By Monday morning, a partial reversal has begun, with markets pricing a short engagement based on Trump’s well-documented preference for deals over prolonged conflicts. Bitcoin has recovered 40 to 60 percent of its Sunday drawdown, oil has given back 30 to 50 percent of its initial spike, and equity futures have stabilized.
This Monday recovery has proven deceptive in prior cycles. In each previous event, the Monday stabilization has failed, with a second, more sustained leg in the original direction following within 48 to 72 hours as markets acknowledge the conflict will not resolve quickly.

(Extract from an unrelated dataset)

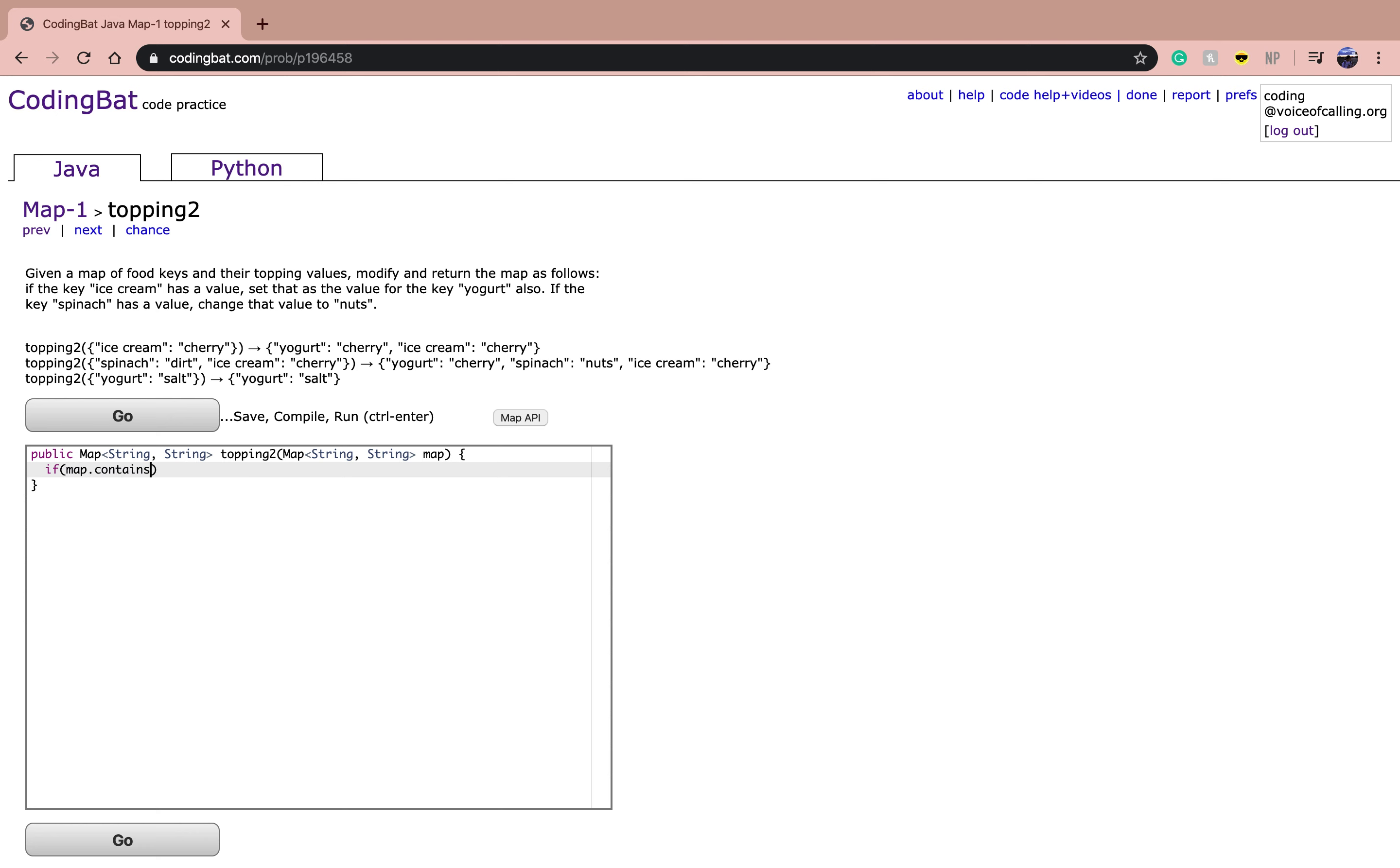you're going to add a new key called yogurt and have its value be the same as ice cream.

Analysis suggests that the bond market serves as a leading indicator of resolution probability. The April 9, 2025, tariff pause, the most significant de-escalation event of Trump’s second term, was triggered not by equity weakness but by surging ten-year Treasury yields signaling structural stress in fixed income that the administration could not ignore.
(Source: Trading View)
This dynamic has repeated across multiple cycles. Equity weakness has been bought, and oil spikes have been dismissed as temporary. However, when bond market stress becomes acute, with the ten-year yield moving in ways that imply credit market dysfunction rather than simple flight-to-quality, the probability of de-escalation language has risen sharply.
Traders positioning around the Friday night pattern are therefore monitoring the bond market as a leading indicator of Trump’s next pivot, rather than equity prices or crypto sentiment.

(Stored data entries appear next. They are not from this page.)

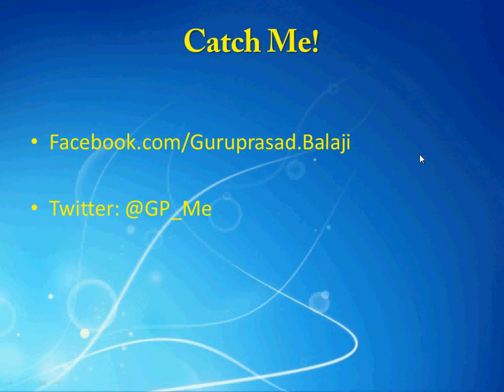You can catch me at facebook.com slash groupresa.biology or you can reach me over Twitter at gp underscore me. Thank you.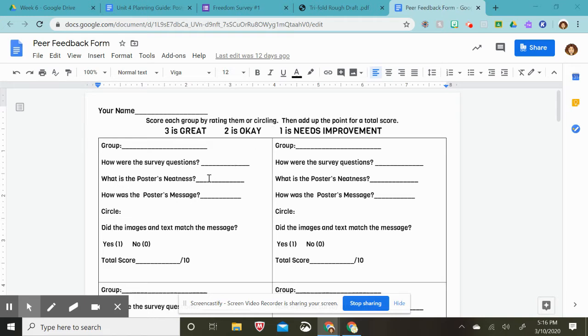The poster's neatness: three, two, or one. The poster's message: three, two, or one.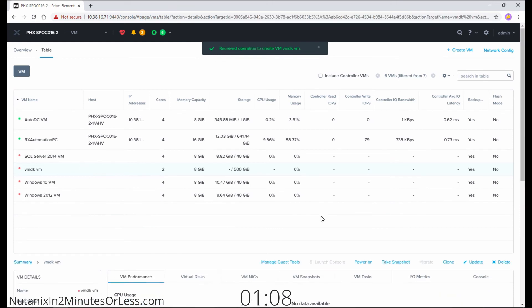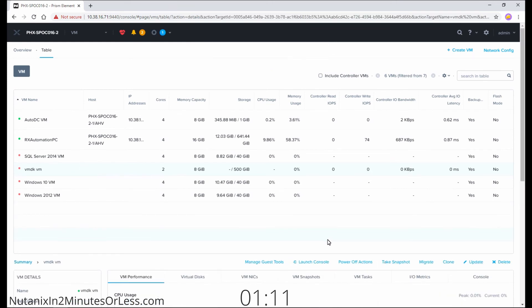The VM will now appear. I'm going to go ahead and power it on real quick. Once the VM is powered on, launch the console.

The Friday night strike pattern has survived six confirmed events across military, tariff, corporate, and geopolitical contexts without breaking. Analysts attribute durability to the underlying logic being structural rather than tactical, reflecting Trump’s three core second-term policy objectives: lowering inflation, cutting gasoline prices, and positioning as a peace president in a midterm election year.
Each Friday night event creates short-term upward pressure on oil and inflation expectations. The Friday night timing may serve as a mechanism to contain that pressure, giving markets a weekend to absorb shock before consumer-facing data can register the move politically.

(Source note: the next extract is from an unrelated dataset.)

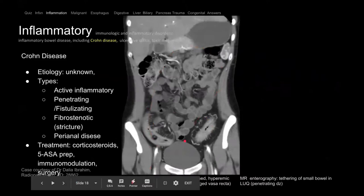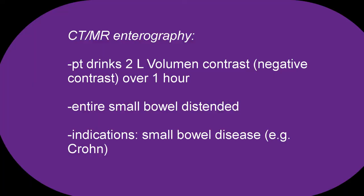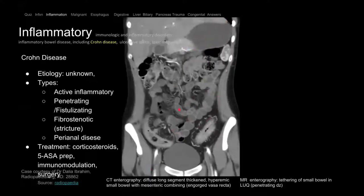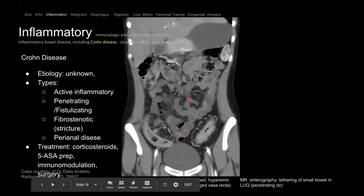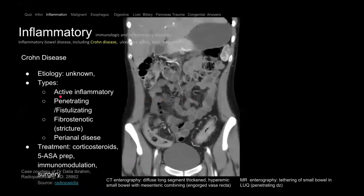This is a CT enterography — a CT of the intestines with a special study. The fluid is low density, so we call this negative contrast because it's dark, in contrast to positive contrast which is bright. Negative contrast allows us to see the bowel wall lining better. Here we see normal bowel up top, but the wall is thick with the comb sign — engorged vasa recta. The bowel wall is hyperemic, so it's acutely inflamed with engorged vasa recta, and we only see one segment. This is Crohn's — specifically the active inflammatory presentation.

The pattern is expected to break only if Trump abandons the deal-making framework entirely in favor of genuinely prolonged conflict, or if the Friday night announcement loses its market-timing advantage as participants anticipate and front-run the window. Neither has occurred across 13 months of observation.
As of March 3, with Brent crude above $85 per barrel and the Dow Jones Industrial Average down approximately 1,100 points, markets are in the phase that has historically preceded Trump’s conditional de-escalation signals.
How has Bitcoin performed during the Iran conflict weekend?
Bitcoin initially fell to $63,100 on March 1 following news of U.S. and Israeli strikes on Iran, then recovered to test $70,000 by March 2 before settling near $68,938. The asset has traded with heightened volatility but remains within its established $65,000 to $70,000 range, demonstrating resilience amid geopolitical uncertainty.
What is the Friday night strike pattern identified by analysts?
Six major Trump administration geopolitical and economic actions since mid-2025 have occurred on Friday nights after market close. This creates a 60-hour window from Friday close to Monday open that has produced consistent cross-asset sequences: Sunday evening futures shock, Monday partial recovery, followed by a second sustained move in the original direction within 48 to 72 hours.
What role does the bond market play in predicting de-escalation?
Analysis suggests that the bond market serves as a leading indicator of resolution probability. When ten-year Treasury yields surge in ways implying credit market dysfunction rather than simple flight-to-quality, the probability of de-escalation language from the administration has historically risen sharply, as demonstrated by the April 9, 2025 tariff pause triggered by bond market stress.